Thursday, September 01, 2005

you make me feel like dancin'

My horrorscope began with this line today: "You need to verbalize more of what is on your mind."
I can honestly say I never thought I'd hear THOSE words.
And now on to my (semi) legitimate beefs...

I received a way cool email last night but I didn't get permission to post it. (Yeah, it concerned Officer Perez. Big surprise, huh?) If I do, you'll see it here. If I don't, well then that will just reinforce my belief that it sucks to have a conscience.

Ok, I've had it. I DEMAND that one of you guys email me and tell me all about your bad Lab! I don't care if it's a black Lab, or a yellow Lab or a pink polka dot Lab, I want to hear alllllll about his growling and biting, because so help me, if I hear ONE MORE PERSON say, "Growl? Your Lab growls?

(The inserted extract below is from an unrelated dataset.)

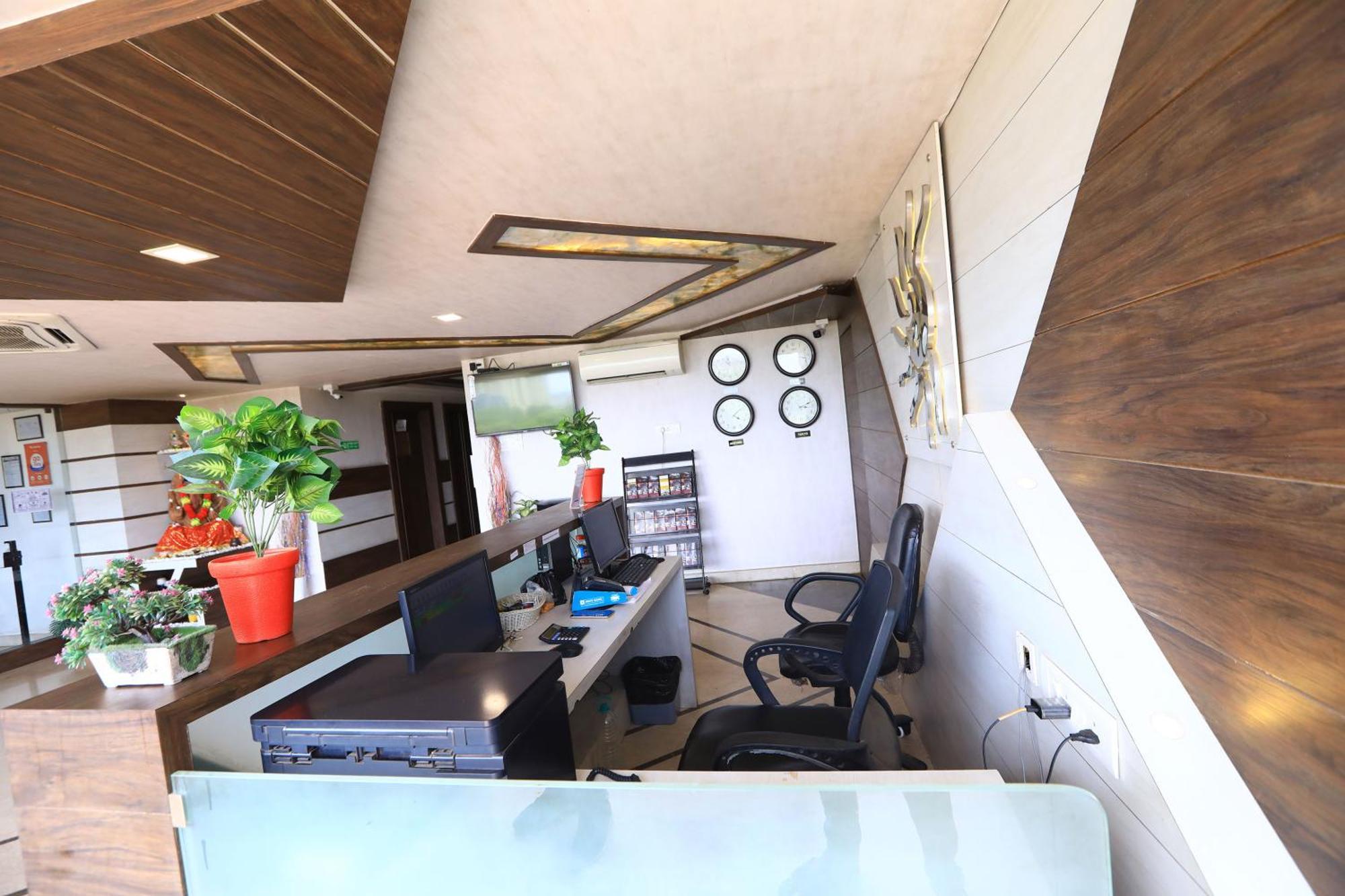 The Suncity Bhubaneswar Extérieur photo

Why you could shove a corn cob up my Lab's ass and give it a twist and he wouldn't even whimper," I'm gonna SPIT!! I cannot believe my Lab is the only ungrateful Lab on the planet that growls and tries to bite the hand that feeds it. I must admit, though, that Holly is getting a bit BETTER at trading off stuff she shouldn't have for a treat. Although there are times I SWEAR she takes shoes just to get the treats.
I refuse to believe this is MY FAULT!! I've raised 16 offspring and NOT ONE of them got in trouble. Ok five of them have gotten in trouble. BUT let me just say this. When the neighbor's trailer was burning to the ground--and FYI, trailers burn faster than straw farms--I firmly believe that Male Offspring #1 had NOTHING to do with it. Even though he was standing a few feet away holding a can of kerosene and some matches. And even though he borrowed my car the night before to buy some kerosene and matches. I believe him when he told me he was holding them for a friend. Likewise, I believe Male Offspring #3 was holding that marijuana for a friend and Female Offspring #2 was holding those stolen electronics for a friend. The other two offspring are doing remarkable...at least that's the word I get from juvey hall. So as you can see NONE of this can be my fault!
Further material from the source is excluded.